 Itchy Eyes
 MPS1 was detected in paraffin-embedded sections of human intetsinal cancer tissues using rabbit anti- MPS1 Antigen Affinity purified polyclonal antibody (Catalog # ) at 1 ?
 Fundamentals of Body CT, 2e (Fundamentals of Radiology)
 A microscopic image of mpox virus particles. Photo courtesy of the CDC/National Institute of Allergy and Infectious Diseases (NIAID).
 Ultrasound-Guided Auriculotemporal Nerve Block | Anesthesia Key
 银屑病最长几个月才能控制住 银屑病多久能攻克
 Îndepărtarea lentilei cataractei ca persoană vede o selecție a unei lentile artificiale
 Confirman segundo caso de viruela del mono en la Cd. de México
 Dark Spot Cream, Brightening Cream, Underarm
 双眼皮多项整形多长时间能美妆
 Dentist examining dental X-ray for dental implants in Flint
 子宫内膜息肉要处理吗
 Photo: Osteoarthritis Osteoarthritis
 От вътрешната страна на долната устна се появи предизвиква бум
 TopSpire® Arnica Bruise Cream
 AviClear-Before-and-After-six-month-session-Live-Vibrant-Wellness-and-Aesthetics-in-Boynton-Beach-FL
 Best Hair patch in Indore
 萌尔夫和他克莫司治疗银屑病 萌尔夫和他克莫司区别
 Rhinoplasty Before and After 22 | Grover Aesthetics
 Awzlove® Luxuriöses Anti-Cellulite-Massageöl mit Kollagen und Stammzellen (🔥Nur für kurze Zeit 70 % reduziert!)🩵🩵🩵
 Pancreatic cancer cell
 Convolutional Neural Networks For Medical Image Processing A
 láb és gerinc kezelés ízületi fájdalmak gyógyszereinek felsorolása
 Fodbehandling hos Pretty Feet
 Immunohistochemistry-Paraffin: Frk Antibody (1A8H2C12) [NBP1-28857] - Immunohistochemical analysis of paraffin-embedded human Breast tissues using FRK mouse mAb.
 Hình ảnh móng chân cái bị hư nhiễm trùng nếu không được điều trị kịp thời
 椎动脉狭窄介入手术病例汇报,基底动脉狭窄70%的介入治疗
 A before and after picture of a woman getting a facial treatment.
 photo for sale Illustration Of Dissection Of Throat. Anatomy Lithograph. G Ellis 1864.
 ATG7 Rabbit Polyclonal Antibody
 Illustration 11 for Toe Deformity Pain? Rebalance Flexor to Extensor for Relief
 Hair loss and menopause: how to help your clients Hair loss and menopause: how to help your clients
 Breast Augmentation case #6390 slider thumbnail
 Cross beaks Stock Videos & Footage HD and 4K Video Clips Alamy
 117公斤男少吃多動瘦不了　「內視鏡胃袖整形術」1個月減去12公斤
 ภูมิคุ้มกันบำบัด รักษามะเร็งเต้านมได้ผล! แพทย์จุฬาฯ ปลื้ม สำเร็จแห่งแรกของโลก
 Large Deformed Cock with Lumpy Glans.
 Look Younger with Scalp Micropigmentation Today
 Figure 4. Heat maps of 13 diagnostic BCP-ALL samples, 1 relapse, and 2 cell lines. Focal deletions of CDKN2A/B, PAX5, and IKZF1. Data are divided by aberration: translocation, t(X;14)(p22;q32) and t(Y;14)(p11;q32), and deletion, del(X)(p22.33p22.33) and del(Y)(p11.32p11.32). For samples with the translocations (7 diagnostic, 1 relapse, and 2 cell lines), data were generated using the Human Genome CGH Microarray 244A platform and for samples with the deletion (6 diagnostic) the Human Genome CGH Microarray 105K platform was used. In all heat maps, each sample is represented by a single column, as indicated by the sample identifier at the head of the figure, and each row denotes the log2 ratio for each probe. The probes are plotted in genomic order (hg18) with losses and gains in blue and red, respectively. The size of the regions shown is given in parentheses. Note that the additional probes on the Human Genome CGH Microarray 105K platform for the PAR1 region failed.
━━━━
▶ **Your objective**: Copy out the lines above word for word, stopping after the line containing "银屑病最长几个月才能控制住 银屑病多久能攻克".

▶ **Result for this exercise**:
 Itchy Eyes
 MPS1 was detected in paraffin-embedded sections of human intetsinal cancer tissues using rabbit anti- MPS1 Antigen Affinity purified polyclonal antibody (Catalog # ) at 1 ?
 Fundamentals of Body CT, 2e (Fundamentals of Radiology)
 A microscopic image of mpox virus particles. Photo courtesy of the CDC/National Institute of Allergy and Infectious Diseases (NIAID).
 Ultrasound-Guided Auriculotemporal Nerve Block | Anesthesia Key
 银屑病最长几个月才能控制住 银屑病多久能攻克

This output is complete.